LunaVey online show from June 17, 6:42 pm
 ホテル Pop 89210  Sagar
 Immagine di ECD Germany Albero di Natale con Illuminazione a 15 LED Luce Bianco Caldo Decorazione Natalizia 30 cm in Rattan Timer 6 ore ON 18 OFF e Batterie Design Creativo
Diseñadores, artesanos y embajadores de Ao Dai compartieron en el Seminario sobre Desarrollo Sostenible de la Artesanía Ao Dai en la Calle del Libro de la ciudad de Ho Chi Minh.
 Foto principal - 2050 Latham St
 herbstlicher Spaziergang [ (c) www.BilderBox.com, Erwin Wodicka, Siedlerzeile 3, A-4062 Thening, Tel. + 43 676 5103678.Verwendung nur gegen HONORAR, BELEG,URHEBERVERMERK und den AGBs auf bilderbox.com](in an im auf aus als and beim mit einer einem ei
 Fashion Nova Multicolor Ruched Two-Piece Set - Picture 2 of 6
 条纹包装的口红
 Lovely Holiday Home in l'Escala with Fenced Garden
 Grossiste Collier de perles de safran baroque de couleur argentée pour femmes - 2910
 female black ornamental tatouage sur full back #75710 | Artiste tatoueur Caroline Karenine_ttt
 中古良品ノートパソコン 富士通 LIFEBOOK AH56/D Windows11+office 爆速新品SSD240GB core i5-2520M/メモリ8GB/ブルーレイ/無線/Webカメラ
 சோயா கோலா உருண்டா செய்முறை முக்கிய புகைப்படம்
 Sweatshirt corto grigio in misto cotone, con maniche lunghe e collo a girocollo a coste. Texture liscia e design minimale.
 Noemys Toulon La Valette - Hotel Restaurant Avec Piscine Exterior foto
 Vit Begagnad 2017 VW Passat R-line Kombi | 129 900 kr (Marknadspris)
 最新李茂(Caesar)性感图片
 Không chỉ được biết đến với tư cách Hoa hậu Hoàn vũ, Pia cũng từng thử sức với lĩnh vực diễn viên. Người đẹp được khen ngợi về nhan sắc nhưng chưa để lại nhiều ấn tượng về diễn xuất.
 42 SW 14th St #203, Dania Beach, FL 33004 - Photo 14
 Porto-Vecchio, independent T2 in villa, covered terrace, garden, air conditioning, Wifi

※

What the task requires >>
All that the answer may hold is the lines from the one with "42 SW 14th St" through the end of the data, set down exactly as they appear.

Exercise output >>
 42 SW 14th St #203, Dania Beach, FL 33004 - Photo 14
 Porto-Vecchio, independent T2 in villa, covered terrace, garden, air conditioning, Wifi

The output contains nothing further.